Each entity and model is apis call with response time between 25ms and 150ms. Executor is only a java class to compute the responses (executions time between 1ms and 5ms).
This process will demand 60000 instances per minute and basically must orchestrate API calls.
I’ve tested many configurations but the executor job first acquires the initial jobs (entities) of all requests and only after processing all of them it continues the process (model and executor), which is causing a very high response time. We are trying to achieve a response time of up to 700ms/instance but so far we have achieved a response time of over 20 seconds in a load test of 16,000 process/minute.
I already tried to configure job prioritization by priority and due date, I increased the max-pool-size, queue-capacity, jobs-per-acquisition and core-pool-size but nothing changes. I don’t know if this would be the starving issue, but do you have any suggestions for tuning or configuration?
Note: I’m running Camunda with Kotlin + Spring WebFlux and using features like coroutines and reactive features (controller and webclient). As we don’t need camunda’s data, we use DB H2 in-memory and extend auto deploy to fetch the processes we want to deploy from an external base, in this way we can parameterize the processes and make changes in deployment independently of Camunda’s db. (We follow the 24 Hours Fitness case with some changes.)
Since you mentioned a lot of steps you took to tune performance, but you didn’t mention anything about History API: which History level you are using? Do you need history at all?
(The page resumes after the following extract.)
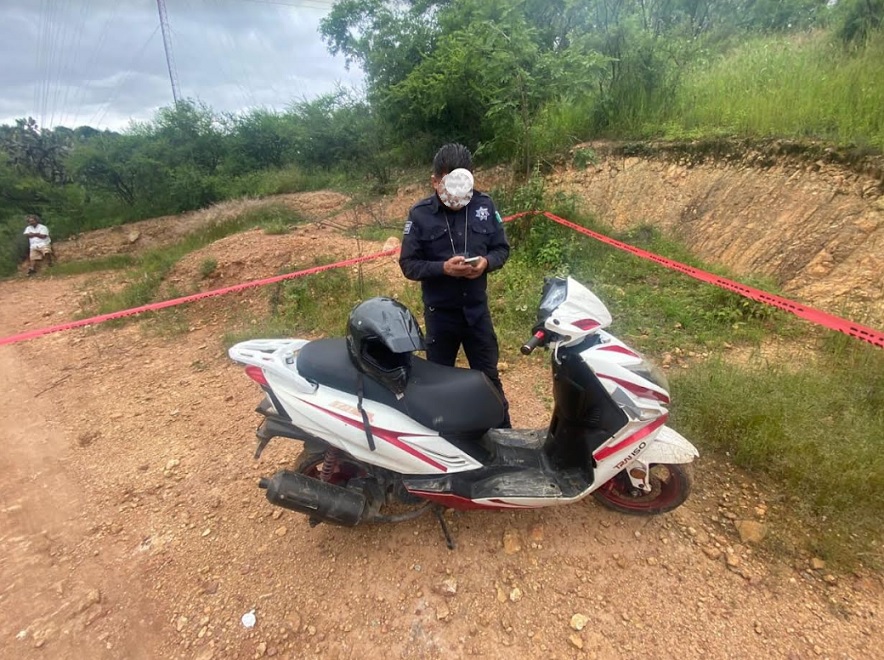 Encapuchado escapa de la policía y deja abandonada moto robada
Not sure if you have a breakdown of all service tasks execution time, we had faced similar issue but the root cause being one of API taking more than 30 seconds based on certain data condition and every time that data condition was met job executor threads were busy executing that job and hence causing acquisition to slow down and jobs to be piled up in the queue.
these are the most impactful settings with job executor, if you want a high throughput on async jobs increase queue size and core-pool-size to a number that is higher depending on CPU/memory of the hosting servers.
We have that currently set to 10 and 20 respectively.